Some ten years ago, a left party emerged in Greek politics due to the Greek economic crisis. Syriza had a spectacular electoral success in 2012 and became the ruling party in 2015. Although the party line was strictly against the measures imposed on Greece by the IMN and the EU, Alexis Tsipras, the leader of the party and Prime Minister since the beginning of 2015, managed to follow and apply the EU recommendations. However, its government, in coalition with a nationalist party, didn’t pay enough attention to the self-employed people and generally parts of the middle class and lost the elections in 2019. The party faced a further electoral defeat this year, resulting in a deep crisis and the election of a new president.
The election of Stefanos Kasselakis as the new president, who advanced his candidacy a month before the inter-party electoral procedure, caused disputes between the majority of the leadership and the representatives of the Stalinist opposition. A split now threatens the party. Will it be a catastrophic event, or will it open the way for a successful social and democratic party?
About the SYRIZA party
Syriza was born in 2004 as an alliance between Eurocommunists, post-Stalinists, Trotskyists, Maoists, and former members of the Communist Party. It had modest electoral results until the crisis that hit the Greek society pushed considerable numbers of citizens into city riots. As a result, the ruling PASOK (socialist party) experienced a catastrophic defeat, opening the road for more radical political proposals.

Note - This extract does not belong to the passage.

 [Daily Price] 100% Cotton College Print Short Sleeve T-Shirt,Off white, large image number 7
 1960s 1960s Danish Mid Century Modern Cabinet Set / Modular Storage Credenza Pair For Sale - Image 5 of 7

Syriza emerged as a radical left party; however, as a party of government, it constantly moved towards more moderate positions. The first split occurred in the summer of 2015 when tough Stalinists, including some ministers, abandoned the party. This split benefited Syriza, allowing more moderate steps.
However, permanent classes between moderates and Stalinists, who unsuccessfully struggled to ensure control, marked party internal life. This “civil war” damaged the party’s role as the leading opposition and reduced its electoral appeal.
Today, after the heavy electoral defeat in the 2023 general elections, Syriza has only 47 MPs, while it is still the Official Opposition.
Pro-Russian and Pro-Chinese sentiments
In international politics, Syriza defended pro-Russian – and pro-China positions. The majority of its members and supporters express cold war-like anti-US and anti-NATO sentiments and soft Euroscepticism.
Concerning Russia, the Greek government (under Syriza) hesitated before accepting the EU sanctions imposed against Russia after the Crimea annexation. However, in May 2016, PM Tsipras hosted Vladimir Putin in Athens to discuss economic cooperation with Russia. On this occasion, Tsipras stated that the EU sanctions imposed on Russia regarding its actions in Ukraine were unproductive.
“We have repeatedly said that the vicious circle of militarisation, Cold War rhetoric, and sanctions is not productive. The solution is dialogue,” Tsipras said at a joint press conference with Putin. According to Tsipras, Greece’s decision to improve its relationship with Russia was a strategic choice.
Similarly, Syriza never assumed a clear policy concerning the Russian invasion of Ukraine. Moreover, leading members of the Stalinist tendency, including former ministers, accused NATO of being responsible for the invasion.
In July 2016, the Greek government, together with Hungary of Viktor Orbán, prevented the EU from speaking out about the South China Sea issue. A year later, Greece blocked the EU from releasing a statement regarding the state of human rights in China.
Recently, during the new Palestinian crisis, the party seems to ignore the terrorist attack of Hamas, condemns Israel’s military response, and defends the Hamas-controlled Gaza territory.
It is needless to say that Syriza never said a word in favour of Uyghurs in China, the Rohingya in Myanmar, or the persecution of colonised peoples in Russia.
Can SYRIZA become a ruling party again?
After the latest electoral defeat, Alexis Tsipras resigned from the leadership of Syriza, opening the procedures for the election of a new president. Four members declared ready to run for the leadership and start their campaigns. Suddenly, a fifth candidate emerged quite a month before the voting day. Stefanos Kasselakis, an outsider, won the elections with 56% of the vote and became the new president of the party.
Why? Because the majority of the Syriza constituency wasn’t any more mesmerised by the “radical” rhetoric of the leftists inside the party and needed someone who would renew the hope for ending the stalemate.
The candidature of Kasselakis represented a challenge for the conservative minds of many in Syriza. He grew up and studied in the USA. He worked at Goldman Sachs’ risk management department and the think tank of the Center for Strategic and International Studies in Washington, D.C. He is also a self-made entrepreneur in shipping, a scandal for the state employees of the old guard.
What is more, he openly declared to be a member of the LGBTI community and courageously introduced his husband to the public.
This candidature revealed the homophobic sentiments of many inside the party, particularly the Stalinists. Kasselakis also said he supports the separation between the State and the Orthodox Church and abolishing compulsory military service.
Since he declared his candidature, the government-controlled media and several members of the leadership of Syriza deployed a defamation campaign marked in many cases by homophobia.
Syriza is now in front of a cross-road. A split by the hard line Stalinists is eminent while the conservative media continue the defamation campaign against both the party and the new president. There is no doubt that the European elections will test the new leadership.
Thus, the party has a few months to clarify its political position as a centre-left party or a party under permanent internal disputes. It must also decide if it will be a European party aligned with the EU values and thus take a clear position concerning Ukraine and the Middle East crisis.
The disputes and the internal opposition paralyse the party work and prevent the new leadership from elaborating a programme responding to new challenges the Greek society faces.